=== Begin Enclosure ===
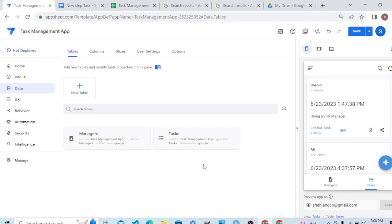In this tutorial, we will learn how to create a report, invoice, or PDF document when we create a new task or order. The application is a task management application, so when we create a new task, if we want AppSheet to create an invoice or document for that new task, how could we do this in AppSheet?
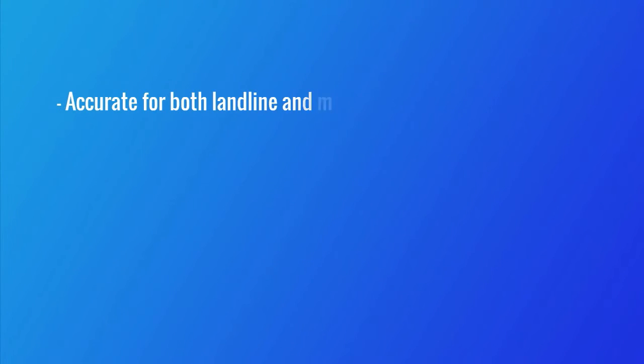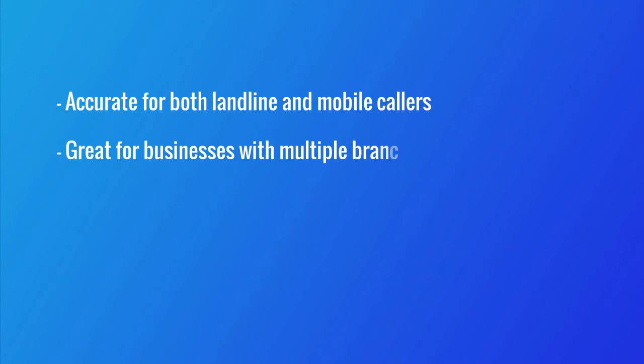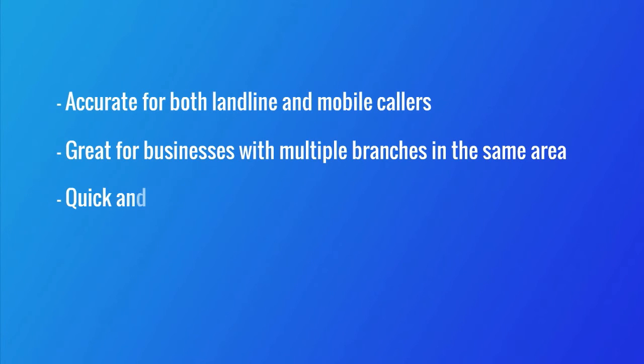Postcode prompting makes calling more accurate for both landline and mobile callers. It's also great for businesses with multiple branches in the same area, making it quick and easy for a caller to reach your business.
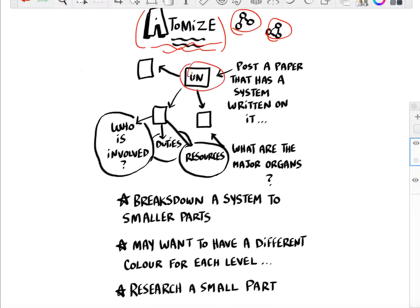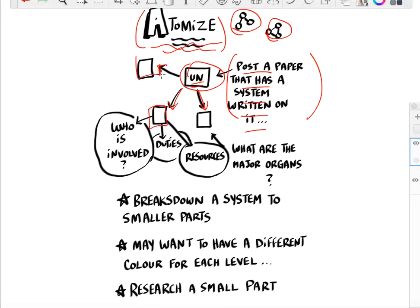For global politics, I've looked at something like the UN, which is a big organization. I would write that on a piece of paper and post it on the board, then have people do research and come up to the board to look at the different organs attached to the United Nations.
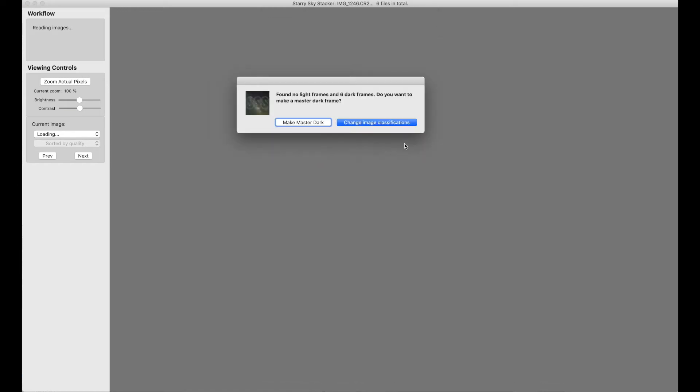While it's doing this, I should point out I recommend that you make your master darks from RAW files because the applications can put more information into the master dark file from a RAW file than they can from, say, TIFFs. And this information can help later, for example, rotating the master dark to match the camera orientation of your light frames. So it makes your dark frames more useful.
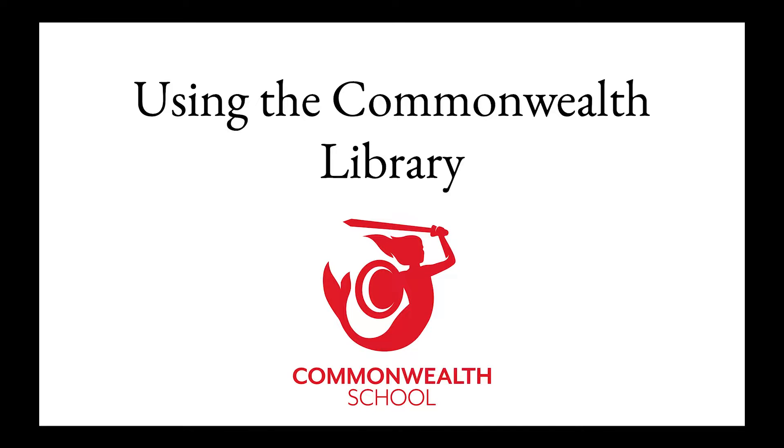Hi folks, this is Jake McDonnell. I'm the Librarian and Registrar at the Commonwealth School and today we're going to be talking about how to use the Commonwealth Library and specifically the online catalog that we have for searching books.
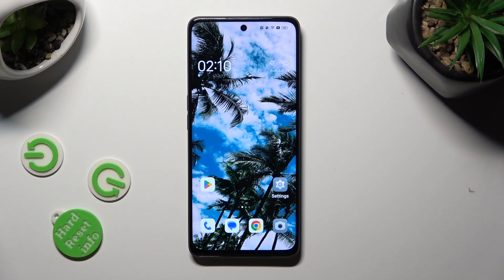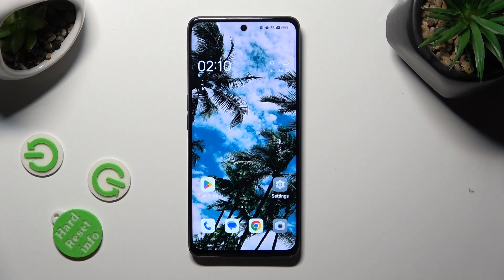Hi, in front of me is the Oppo A1, and today I would like to show you how you can check saved Google passwords.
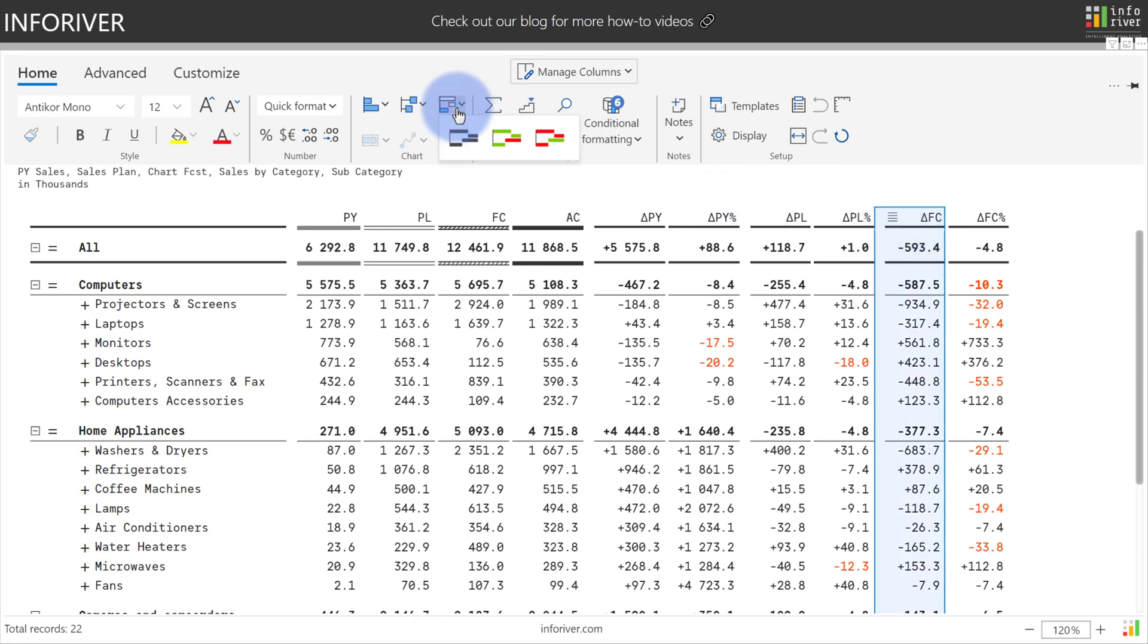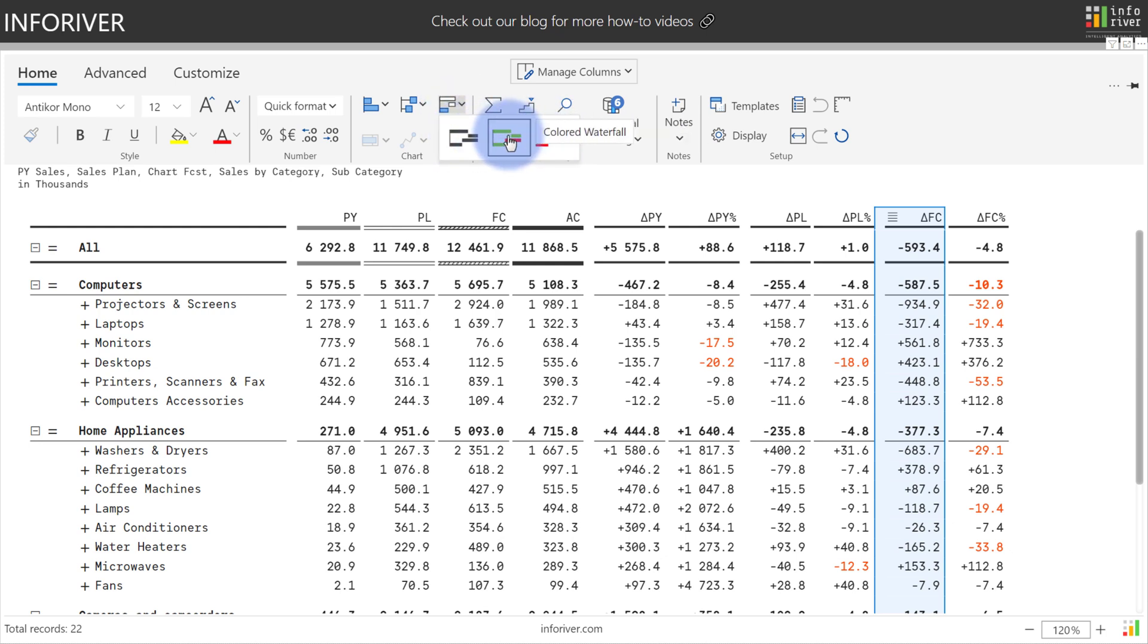I have three options: single color, positive and negative, or inverted positive negative. Let's go ahead and select the positive negative colored waterfall.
=== End Enclosure ===
*Task brief*: Return the lines exactly as they stand, from the start of the entries through the line holding "Postcode prompting makes"; omit the pictures.

*Exercise answer*:
In this tutorial, we will learn how to create a report, invoice, or PDF document when we create a new task or order. The application is a task management application, so when we create a new task, if we want AppSheet to create an invoice or document for that new task, how could we do this in AppSheet?
Postcode prompting makes calling more accurate for both landline and mobile callers. It's also great for businesses with multiple branches in the same area, making it quick and easy for a caller to reach your business.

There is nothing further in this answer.